Sunday, November 23, 2014

Sunday Morning Comin' Down



The Todding Point:  That moment when the number of consequential issues a network refuses to discuss exceeds the trivial crap it obsesses over.



Squeezed between commercials for Exxon and boner pills, Shuck Todd put out the network's best throw pillows and beanbag chairs so as to "kick it" ( as the young people say) with a couple of those crazy kids from the industry that wants to pimp the filthiest fuel on the plant through the most fertile farmland on the continent so that it can be refined in the Horrible Science Shocking Slime Kit that was once the state of Louisiana and shipped to China because Jobs ya Commie!  (transcript pending)

Unfortunately, Mr. Todd forgot to invite any environmentalists to his "rap session" (as the young people call it.)

Police suspect commerce was involved.

Speaking of police, Shuck Todd thought it would also be great fun to interrupt Rudy Ghouliani's post-Republican Great White Hope career as undead infomercial pitchman (Noun + Verb + 9/11 + Buy My Crap) 


and invite him over to Luke Russert's Parent's Basement to talk about The Blacks.

Hilarity of a terrible kind ensued:
...
“Mayor Giuliani speaks about what's, you know, unconscionable and what should be indicted. What should be indicted is the criminal justice system that continues to impose undue burdens on African American, Latino, and other poor people,” Dyson explained.

Giuliani disagreed, saying people aren’t focused on the reason behind the heavy police presence seen in black communities. “We are talking about the significant exception, 93% of blacks are killed by other blacks,” Giuliani argued.

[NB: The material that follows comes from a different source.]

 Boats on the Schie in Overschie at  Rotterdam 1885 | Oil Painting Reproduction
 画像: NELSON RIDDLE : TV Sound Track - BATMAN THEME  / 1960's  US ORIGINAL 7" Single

Dyson called that a false equivalency, saying police officers are agents of the state sworn to uphold the law. “Black people who kill black people go to jail. White people who are policemen who kill black people do not go to jail,” Dyson responded. “If a jury can indict a ham sandwich, why is it taking so long?”

Giuliani continued to argue that the problem is rooted in the black community. “What about the poor black child that is killed by another black child? Why aren't you protesting that,” Giuliani asked Dyson.

The tense exchange continued as Dyson argued that most criminals involved in black on black violence end up in jail. That’s when Giuliani interrupted to ask, “why don’t you cut it down so so many white police officers don’t have to be in black areas?”

“The white police officers wouldn’t be there if you weren’t killing each other 70-75% of the time,” Giuliani said a few seconds later.

“Look at this! This is the defensive mechanism of white supremacy in your mind sir!” Dyson concluded.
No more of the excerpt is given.